Christine Montalbetti Plus Rien que les vagues et le vent

x

Paul Fournel locates most of the action of Jason Murphy (2013) in France; but his characters direct their gaze across the Atlantic, indeed clear across the continent, once again to the very edge of America. To San Francisco more specifically, and to a cultural moment when the poets of the Beat Generation were just beginning to put right-thinking American mores so dramatically into question. One of those poets interests those characters particularly, a certain “Jason Murphy,” who may have written a novel on a long, continuous scroll well before Jack Kerouac used that technique to write On the Road. The scroll seems to occupy much more space in the characters’ imaginations than the man who wrote it, and who may or may not have survived the glory years of the 1950s and 1960s. People invest their desire in that artifact for different reasons: a publisher because of the sales windfall it would ensure; a graduate student because of what it would represent for her dissertation; a professor of literature mindful of his scholarly reputation; and so forth. As all of them strain toward that object of desire, a kind of Grail Quest emerges; but it is one fraught with ironies of various sorts, and one that is very unlikely to provide salvation for anyone—least of all for Jason Murphy.

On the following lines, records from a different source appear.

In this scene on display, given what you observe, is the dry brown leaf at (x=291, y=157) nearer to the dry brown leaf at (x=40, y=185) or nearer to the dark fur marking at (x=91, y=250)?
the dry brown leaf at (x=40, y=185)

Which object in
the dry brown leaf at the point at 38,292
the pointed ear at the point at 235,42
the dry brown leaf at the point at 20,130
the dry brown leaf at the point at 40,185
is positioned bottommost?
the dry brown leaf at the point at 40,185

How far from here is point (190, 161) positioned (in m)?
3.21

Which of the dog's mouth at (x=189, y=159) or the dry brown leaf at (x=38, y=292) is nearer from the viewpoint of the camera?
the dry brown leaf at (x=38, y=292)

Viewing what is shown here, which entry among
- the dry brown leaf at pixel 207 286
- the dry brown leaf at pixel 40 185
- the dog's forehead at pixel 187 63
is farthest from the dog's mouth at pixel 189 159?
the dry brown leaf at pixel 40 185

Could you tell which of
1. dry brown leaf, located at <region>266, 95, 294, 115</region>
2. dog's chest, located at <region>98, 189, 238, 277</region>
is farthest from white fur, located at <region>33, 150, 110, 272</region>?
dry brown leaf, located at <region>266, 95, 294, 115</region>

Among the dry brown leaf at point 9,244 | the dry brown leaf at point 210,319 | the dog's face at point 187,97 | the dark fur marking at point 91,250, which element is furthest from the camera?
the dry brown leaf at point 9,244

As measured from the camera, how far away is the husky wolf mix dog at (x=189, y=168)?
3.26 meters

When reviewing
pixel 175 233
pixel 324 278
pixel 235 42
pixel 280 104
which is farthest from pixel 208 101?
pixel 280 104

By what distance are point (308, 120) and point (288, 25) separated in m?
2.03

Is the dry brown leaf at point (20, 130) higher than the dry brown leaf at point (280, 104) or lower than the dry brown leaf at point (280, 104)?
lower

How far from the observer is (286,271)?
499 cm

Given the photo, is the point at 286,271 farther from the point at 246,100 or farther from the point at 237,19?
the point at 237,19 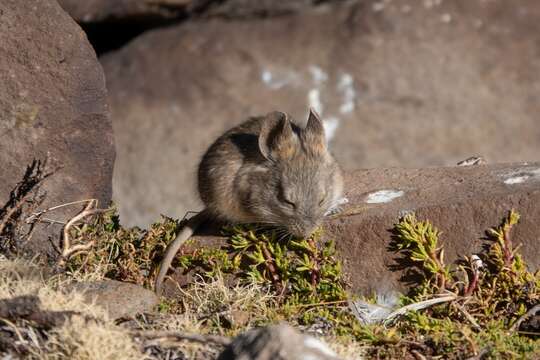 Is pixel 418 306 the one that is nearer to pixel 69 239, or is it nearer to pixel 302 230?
pixel 302 230

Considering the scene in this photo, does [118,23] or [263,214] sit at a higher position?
[118,23]

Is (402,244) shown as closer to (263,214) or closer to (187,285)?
(263,214)

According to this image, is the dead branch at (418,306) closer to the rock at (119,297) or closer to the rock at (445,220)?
the rock at (445,220)

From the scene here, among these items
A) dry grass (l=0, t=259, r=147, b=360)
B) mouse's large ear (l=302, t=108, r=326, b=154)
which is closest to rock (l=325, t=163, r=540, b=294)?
mouse's large ear (l=302, t=108, r=326, b=154)

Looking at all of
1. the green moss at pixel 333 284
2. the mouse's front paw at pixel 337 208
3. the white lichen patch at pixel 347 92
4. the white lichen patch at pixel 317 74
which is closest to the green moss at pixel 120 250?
the green moss at pixel 333 284

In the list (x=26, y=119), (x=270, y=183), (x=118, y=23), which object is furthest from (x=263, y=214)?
(x=118, y=23)

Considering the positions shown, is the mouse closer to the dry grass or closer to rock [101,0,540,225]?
the dry grass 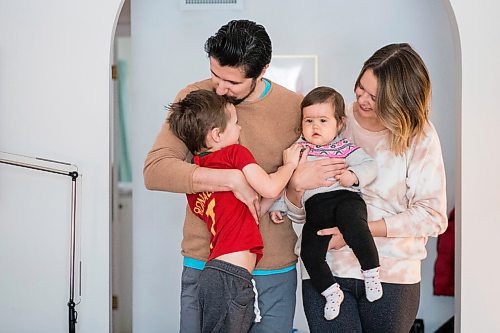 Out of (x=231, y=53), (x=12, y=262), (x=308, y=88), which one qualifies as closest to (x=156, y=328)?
(x=12, y=262)

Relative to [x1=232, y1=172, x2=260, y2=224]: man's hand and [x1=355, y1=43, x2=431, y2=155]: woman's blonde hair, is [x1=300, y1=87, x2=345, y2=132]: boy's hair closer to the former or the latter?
[x1=355, y1=43, x2=431, y2=155]: woman's blonde hair

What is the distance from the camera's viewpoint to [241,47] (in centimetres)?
262

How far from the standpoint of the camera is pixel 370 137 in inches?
113

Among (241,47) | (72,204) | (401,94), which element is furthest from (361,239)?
(72,204)

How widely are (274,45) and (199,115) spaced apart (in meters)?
1.57

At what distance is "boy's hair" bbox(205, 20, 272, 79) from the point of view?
2617mm

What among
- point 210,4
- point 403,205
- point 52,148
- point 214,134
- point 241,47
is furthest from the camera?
point 210,4

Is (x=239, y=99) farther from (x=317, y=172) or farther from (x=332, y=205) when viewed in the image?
(x=332, y=205)

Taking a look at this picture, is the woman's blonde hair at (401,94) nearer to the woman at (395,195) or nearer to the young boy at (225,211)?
the woman at (395,195)

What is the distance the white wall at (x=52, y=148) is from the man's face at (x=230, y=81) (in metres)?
0.95

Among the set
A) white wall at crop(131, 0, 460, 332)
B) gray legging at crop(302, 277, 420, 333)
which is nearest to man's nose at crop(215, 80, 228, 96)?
gray legging at crop(302, 277, 420, 333)

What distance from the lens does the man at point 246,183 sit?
2.70 m

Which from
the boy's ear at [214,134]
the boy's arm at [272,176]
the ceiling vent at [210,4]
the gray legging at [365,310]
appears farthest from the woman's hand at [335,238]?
the ceiling vent at [210,4]

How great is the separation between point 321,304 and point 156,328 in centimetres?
169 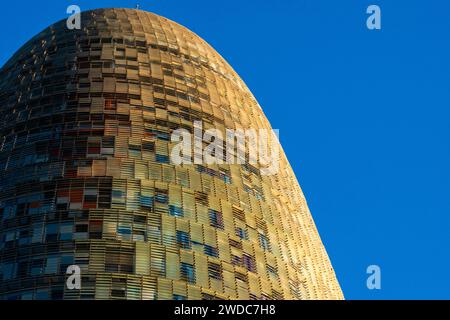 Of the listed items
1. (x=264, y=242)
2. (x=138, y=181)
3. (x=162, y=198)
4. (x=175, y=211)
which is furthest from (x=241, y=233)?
(x=138, y=181)

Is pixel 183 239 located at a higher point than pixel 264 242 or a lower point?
lower

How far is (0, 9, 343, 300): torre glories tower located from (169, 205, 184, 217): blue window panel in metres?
0.34

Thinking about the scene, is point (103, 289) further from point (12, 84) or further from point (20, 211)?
point (12, 84)

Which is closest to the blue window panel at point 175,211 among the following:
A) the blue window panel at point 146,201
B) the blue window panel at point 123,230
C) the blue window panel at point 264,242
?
the blue window panel at point 146,201

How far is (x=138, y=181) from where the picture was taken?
4358 inches

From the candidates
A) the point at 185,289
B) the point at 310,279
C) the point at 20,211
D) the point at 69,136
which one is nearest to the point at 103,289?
the point at 185,289

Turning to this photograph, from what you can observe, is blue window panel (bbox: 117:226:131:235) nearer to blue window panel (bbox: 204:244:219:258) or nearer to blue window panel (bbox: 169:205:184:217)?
blue window panel (bbox: 169:205:184:217)

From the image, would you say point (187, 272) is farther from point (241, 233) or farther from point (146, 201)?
point (241, 233)

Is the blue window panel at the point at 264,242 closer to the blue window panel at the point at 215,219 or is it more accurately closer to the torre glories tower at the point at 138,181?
the torre glories tower at the point at 138,181

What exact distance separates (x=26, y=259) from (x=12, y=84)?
34400 mm

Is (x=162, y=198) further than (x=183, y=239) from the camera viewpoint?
Yes

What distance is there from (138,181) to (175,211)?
4.56 metres

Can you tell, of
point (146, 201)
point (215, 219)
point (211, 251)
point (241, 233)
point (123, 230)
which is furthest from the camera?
point (241, 233)

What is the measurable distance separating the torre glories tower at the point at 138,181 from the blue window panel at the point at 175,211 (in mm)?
345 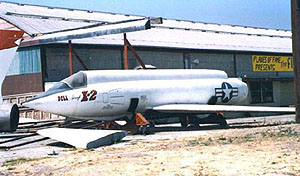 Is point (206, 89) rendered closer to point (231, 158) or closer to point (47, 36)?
point (47, 36)

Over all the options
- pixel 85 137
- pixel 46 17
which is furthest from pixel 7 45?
pixel 46 17

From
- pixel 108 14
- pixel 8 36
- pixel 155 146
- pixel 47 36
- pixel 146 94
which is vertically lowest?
pixel 155 146

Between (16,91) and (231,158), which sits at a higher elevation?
(16,91)

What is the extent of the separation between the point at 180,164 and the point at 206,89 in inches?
520

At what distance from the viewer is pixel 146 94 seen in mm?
20297

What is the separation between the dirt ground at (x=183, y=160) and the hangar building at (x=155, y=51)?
523 inches

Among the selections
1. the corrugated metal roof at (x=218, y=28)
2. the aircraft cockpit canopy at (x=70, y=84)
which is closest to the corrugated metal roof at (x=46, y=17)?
the corrugated metal roof at (x=218, y=28)

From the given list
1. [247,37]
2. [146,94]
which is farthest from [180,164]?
[247,37]

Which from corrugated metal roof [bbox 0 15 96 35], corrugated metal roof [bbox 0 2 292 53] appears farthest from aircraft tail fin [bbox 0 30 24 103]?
corrugated metal roof [bbox 0 15 96 35]

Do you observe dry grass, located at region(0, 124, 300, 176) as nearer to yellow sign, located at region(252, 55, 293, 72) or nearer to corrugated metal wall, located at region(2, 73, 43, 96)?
corrugated metal wall, located at region(2, 73, 43, 96)

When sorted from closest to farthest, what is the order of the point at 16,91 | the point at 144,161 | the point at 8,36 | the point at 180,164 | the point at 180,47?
the point at 180,164, the point at 144,161, the point at 8,36, the point at 16,91, the point at 180,47

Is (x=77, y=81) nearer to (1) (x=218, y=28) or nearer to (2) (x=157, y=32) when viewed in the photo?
(2) (x=157, y=32)

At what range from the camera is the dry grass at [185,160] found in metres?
8.80


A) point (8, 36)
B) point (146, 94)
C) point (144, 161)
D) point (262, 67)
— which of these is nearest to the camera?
point (144, 161) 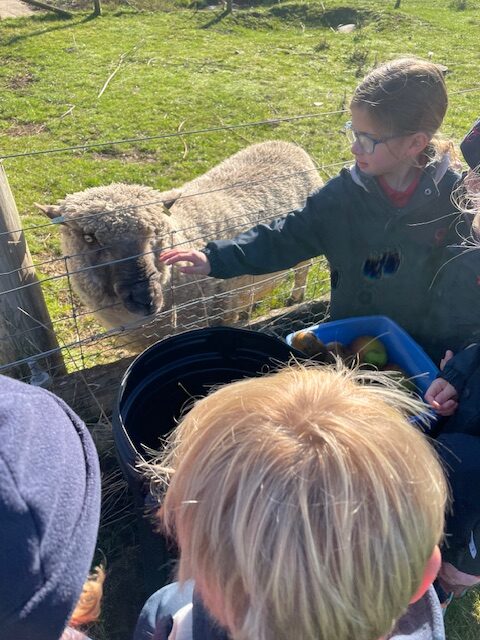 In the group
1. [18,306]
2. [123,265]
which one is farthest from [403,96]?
[18,306]

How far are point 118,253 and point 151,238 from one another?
0.23 metres

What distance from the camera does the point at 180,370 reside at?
2590 mm

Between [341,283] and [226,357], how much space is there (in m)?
0.91

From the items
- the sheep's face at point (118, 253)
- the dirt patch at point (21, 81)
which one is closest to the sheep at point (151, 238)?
the sheep's face at point (118, 253)

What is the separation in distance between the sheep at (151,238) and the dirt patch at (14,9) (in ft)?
41.2

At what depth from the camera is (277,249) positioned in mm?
2867

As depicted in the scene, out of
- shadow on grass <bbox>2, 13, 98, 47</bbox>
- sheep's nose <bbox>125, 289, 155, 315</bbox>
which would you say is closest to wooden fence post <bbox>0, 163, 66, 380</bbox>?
sheep's nose <bbox>125, 289, 155, 315</bbox>

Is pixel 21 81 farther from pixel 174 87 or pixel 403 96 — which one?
pixel 403 96

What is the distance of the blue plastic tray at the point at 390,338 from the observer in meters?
2.74

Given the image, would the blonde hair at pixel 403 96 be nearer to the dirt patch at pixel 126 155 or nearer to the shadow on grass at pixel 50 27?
the dirt patch at pixel 126 155

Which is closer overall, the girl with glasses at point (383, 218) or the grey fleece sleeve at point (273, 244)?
the girl with glasses at point (383, 218)

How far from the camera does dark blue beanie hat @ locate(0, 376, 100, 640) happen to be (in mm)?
996

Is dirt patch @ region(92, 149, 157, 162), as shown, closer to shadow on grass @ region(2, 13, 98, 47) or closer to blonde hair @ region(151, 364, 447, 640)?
shadow on grass @ region(2, 13, 98, 47)

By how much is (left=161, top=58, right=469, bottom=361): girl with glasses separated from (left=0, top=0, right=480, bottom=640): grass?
82 cm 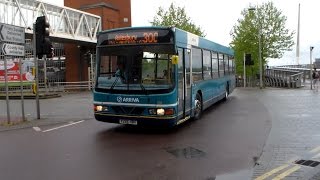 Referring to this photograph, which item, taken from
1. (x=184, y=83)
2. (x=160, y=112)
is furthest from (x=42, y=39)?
(x=160, y=112)

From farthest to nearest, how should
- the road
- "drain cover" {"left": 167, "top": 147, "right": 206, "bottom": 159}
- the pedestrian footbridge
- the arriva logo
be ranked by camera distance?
the pedestrian footbridge → the arriva logo → "drain cover" {"left": 167, "top": 147, "right": 206, "bottom": 159} → the road

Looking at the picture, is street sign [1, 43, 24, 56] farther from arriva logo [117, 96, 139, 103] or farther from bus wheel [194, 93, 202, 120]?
bus wheel [194, 93, 202, 120]

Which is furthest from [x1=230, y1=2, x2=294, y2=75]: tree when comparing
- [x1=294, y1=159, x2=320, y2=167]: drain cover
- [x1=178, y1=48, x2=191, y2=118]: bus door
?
[x1=294, y1=159, x2=320, y2=167]: drain cover

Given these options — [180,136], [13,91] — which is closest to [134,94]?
[180,136]

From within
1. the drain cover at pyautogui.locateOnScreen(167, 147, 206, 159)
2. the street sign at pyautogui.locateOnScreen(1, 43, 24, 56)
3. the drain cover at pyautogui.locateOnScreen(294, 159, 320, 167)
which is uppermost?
the street sign at pyautogui.locateOnScreen(1, 43, 24, 56)

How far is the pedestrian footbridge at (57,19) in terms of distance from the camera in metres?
35.0

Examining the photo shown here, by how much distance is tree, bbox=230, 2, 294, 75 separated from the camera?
4588cm

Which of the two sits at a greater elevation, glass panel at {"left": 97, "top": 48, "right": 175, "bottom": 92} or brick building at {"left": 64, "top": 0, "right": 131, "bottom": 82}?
brick building at {"left": 64, "top": 0, "right": 131, "bottom": 82}

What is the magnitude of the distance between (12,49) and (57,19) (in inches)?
976

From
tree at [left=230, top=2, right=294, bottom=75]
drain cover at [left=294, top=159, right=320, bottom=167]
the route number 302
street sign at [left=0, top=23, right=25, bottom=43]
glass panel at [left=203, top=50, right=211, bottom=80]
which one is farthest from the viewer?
tree at [left=230, top=2, right=294, bottom=75]

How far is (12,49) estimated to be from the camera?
53.5 feet

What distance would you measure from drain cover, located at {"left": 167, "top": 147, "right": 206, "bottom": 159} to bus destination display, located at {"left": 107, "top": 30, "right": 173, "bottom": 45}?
335 centimetres

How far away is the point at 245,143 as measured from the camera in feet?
35.4

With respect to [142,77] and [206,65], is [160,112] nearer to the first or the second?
[142,77] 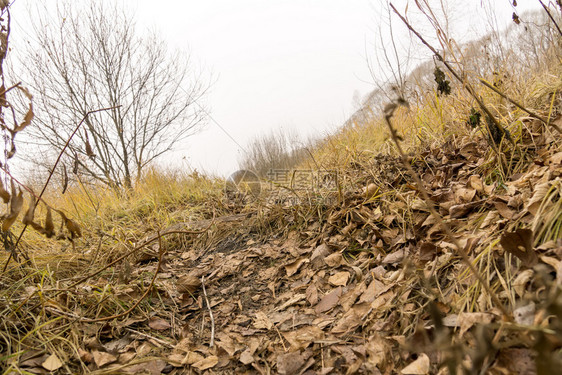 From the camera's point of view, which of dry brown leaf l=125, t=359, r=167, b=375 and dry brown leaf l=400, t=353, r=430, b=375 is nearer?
dry brown leaf l=400, t=353, r=430, b=375

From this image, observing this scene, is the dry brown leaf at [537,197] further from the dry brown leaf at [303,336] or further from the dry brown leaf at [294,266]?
the dry brown leaf at [294,266]

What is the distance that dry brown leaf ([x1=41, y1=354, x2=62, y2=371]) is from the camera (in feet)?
3.68

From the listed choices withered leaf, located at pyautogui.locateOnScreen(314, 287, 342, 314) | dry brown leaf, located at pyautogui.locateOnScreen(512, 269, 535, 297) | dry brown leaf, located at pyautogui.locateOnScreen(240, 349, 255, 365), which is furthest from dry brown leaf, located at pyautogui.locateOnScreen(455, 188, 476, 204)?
dry brown leaf, located at pyautogui.locateOnScreen(240, 349, 255, 365)

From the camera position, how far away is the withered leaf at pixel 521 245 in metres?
0.92

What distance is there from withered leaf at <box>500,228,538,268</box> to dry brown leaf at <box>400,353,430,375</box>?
0.42m

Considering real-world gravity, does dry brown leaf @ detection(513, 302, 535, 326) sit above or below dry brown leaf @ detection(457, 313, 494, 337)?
above

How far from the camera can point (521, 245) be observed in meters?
0.95

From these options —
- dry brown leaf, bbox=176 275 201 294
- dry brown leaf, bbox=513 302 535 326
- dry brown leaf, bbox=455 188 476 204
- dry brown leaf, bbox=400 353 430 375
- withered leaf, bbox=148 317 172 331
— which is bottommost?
dry brown leaf, bbox=400 353 430 375

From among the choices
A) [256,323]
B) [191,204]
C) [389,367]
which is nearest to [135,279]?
[256,323]

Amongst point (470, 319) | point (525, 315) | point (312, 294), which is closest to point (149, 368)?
point (312, 294)

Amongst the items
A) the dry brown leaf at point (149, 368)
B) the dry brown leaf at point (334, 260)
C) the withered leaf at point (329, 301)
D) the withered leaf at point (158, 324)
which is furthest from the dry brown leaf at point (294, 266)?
the dry brown leaf at point (149, 368)

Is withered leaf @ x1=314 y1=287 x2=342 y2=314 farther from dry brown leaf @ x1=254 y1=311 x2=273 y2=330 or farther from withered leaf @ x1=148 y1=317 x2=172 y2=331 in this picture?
withered leaf @ x1=148 y1=317 x2=172 y2=331

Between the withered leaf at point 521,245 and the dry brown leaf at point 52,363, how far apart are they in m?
1.60

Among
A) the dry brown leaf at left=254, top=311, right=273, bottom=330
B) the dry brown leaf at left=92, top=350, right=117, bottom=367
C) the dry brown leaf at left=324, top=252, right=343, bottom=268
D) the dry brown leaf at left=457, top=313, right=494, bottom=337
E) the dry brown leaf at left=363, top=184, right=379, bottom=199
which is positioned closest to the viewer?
the dry brown leaf at left=457, top=313, right=494, bottom=337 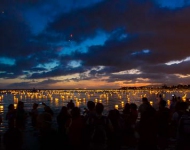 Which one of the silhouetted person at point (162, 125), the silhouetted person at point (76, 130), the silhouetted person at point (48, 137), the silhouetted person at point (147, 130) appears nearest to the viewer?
the silhouetted person at point (48, 137)

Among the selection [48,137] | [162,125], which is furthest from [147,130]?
[162,125]

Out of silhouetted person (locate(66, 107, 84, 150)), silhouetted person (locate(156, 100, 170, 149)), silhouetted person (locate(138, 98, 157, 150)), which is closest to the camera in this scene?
silhouetted person (locate(138, 98, 157, 150))

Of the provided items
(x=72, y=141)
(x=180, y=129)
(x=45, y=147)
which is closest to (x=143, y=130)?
(x=180, y=129)

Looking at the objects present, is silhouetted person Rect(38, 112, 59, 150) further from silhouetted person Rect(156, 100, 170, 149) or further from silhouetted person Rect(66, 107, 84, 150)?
silhouetted person Rect(156, 100, 170, 149)

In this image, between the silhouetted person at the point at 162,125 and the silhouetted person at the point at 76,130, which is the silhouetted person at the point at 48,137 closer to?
the silhouetted person at the point at 76,130

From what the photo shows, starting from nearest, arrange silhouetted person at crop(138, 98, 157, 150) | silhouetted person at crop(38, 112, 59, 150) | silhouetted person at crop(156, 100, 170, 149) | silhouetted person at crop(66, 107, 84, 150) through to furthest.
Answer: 1. silhouetted person at crop(38, 112, 59, 150)
2. silhouetted person at crop(138, 98, 157, 150)
3. silhouetted person at crop(66, 107, 84, 150)
4. silhouetted person at crop(156, 100, 170, 149)

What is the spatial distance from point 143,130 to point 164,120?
3271 mm

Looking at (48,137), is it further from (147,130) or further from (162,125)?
(162,125)

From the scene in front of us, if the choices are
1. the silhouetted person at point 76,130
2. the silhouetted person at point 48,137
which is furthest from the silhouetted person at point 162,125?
the silhouetted person at point 48,137

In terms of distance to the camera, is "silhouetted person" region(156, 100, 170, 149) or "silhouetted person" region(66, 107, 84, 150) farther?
"silhouetted person" region(156, 100, 170, 149)

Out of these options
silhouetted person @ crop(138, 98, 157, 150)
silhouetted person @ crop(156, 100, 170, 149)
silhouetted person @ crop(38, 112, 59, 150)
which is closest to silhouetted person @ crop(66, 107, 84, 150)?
silhouetted person @ crop(138, 98, 157, 150)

Once again, proper names color the text of this novel, and orient the reader’s horizon of expectation in certain ways. Fournel borrows many of those names from contemporary American literature: Gregory Corso, Lawrence Ferlinghetti, William Carlos Williams, Sylvia Plath, Carson McCullers, Willa Cather, Ernest Hemingway, Raymond Carver, Patricia Highsmith, Harry Mathews, Kenneth Patchen, Tom Wolfe. Other familiar cultural figures, from Johnny Cash to Joe DiMaggio and Marilyn Monroe to Jerry Garcia, are name-checked here. On the toponym side of things, Fournel points us toward San Francisco (where he directed the Alliance Française between 1996 and 2000, and which he consequently knows well). Each of the sites that he evokes—Golden Gate Park, Haight Street, the Panhandle, Polk Street, North Beach, the Tenderloin, Berkeley, the Castro, the Mission, Union Square, for example—is recognizable to anyone reasonably familiar with San Francisco. Even someone French (for it must be recalled that he is writing in French, for French readers), because the city of San Francisco occupies a great deal of space in the French cultural imagination, and French tourists abound there. It is perched, after all, smack on the western edge of the American continent, the place where Manifest Destiny sends us, the place where the American Dream (as a European conceives it) reaches its ultimate expression.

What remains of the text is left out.